Bulk Update and Delete

Like their SQL counterparts, JP QL bulk UPDATE and DELETE statements are designed to make changes to large numbers of entities in a single operation without requiring the individual entities to be retrieved and modified using the entity manager. Unlike SQL, which operates on tables, JP QL UPDATE and DELETE statements must take the full range of mappings for the entity into account. These operations are challenging for vendors to implement correctly, and as a result, there are restrictions on the use of these operations that must be well understood by developers.

The full syntax for UPDATE and DELETE statements is described in Chapter 8. The following sections will describe how to use these operations effectively and the issues that may result when used incorrectly.

Using Bulk Update and Delete

Bulk update of entities is accomplished with the UPDATE statement. This statement operates on a single entity type and sets one or more single-valued properties of the entity (either a state field or a single-valued association) subject to the conditions in the WHERE clause. It can also be used on embedded state in one or more embeddable objects referenced by the entity. In terms of syntax, it is nearly identical to the SQL version with the exception of using entity expressions instead of tables and columns. Listing 7-19 demonstrates using a bulk UPDATE statement. Note that the use of the REQUIRES_NEW transaction attribute type is significant and will be discussed following the examples.

Listing 7-19.  Bulk Update of Entities

@Stateless
public class EmployeeService {
    @PersistenceContext(unitName="BulkQueries")
    EntityManager em;

    @TransactionAttribute(TransactionAttributeType.REQUIRES_NEW)
    public void assignManager(Department dept, Employee manager) {
         em.createQuery("UPDATE Employee e " +
                        "SET e.manager = ?1 " +
                        "WHERE e.department = ?2")
           .setParameter(1, manager)
           .setParameter(2, dept)
           .executeUpdate();
    }
}

Bulk removal of entities is accomplished with the DELETE statement. Again, the syntax is the same as the SQL version, except that the target in the FROM clause is an entity instead of a table, and the WHERE clause is composed of entity expressions instead of column expressions. Listing 7-20 demonstrates bulk removal of entities.

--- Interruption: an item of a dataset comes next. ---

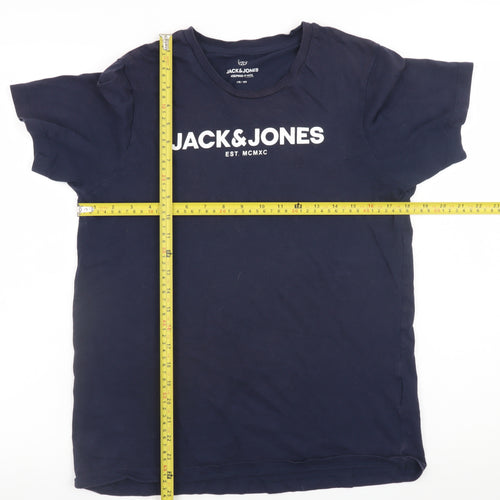 Jack & Jones Boys Navy Blue 16 Years Graphic Print Cotton T-Shirt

Listing 7-20.  Bulk Removal of Entities

@Stateless
public class ProjectService {
    @PersistenceContext(unitName="BulkQueries")
    EntityManager em;

    @TransactionAttribute(TransactionAttributeType.REQUIRES_NEW)
    public void removeEmptyProjects() {
         em.createQuery("DELETE FROM Project p " +
                        "WHERE p.employees IS EMPTY")
           .executeUpdate();
    }
}

The first issue to consider when using these statements is that the persistence context is not updated to reflect the results of the operation. Bulk operations are issued as SQL against the database, bypassing the in-memory structures of the persistence context. Therefore, updating the salary of all the employees will not change the current values for any entities managed in memory as part of a persistence context. The developer can rely only on entities retrieved after the bulk operation completes.

When using transaction-scoped persistence contexts the bulk operation should either execute in a transaction all by itself or be the first operation in the transaction. Running the bulk operation in its own transaction is the preferred approach because it minimizes the chance of accidentally fetching data before the bulk change occurs. Executing the bulk operation and then working with entities after it completes is also safe because then any find() operation or query will go to the database to get current results. The examples in Listing 7-19 and Listing 7-20 used the REQUIRES_NEW transaction attribute to ensure that the bulk operations occurred within their own transactions.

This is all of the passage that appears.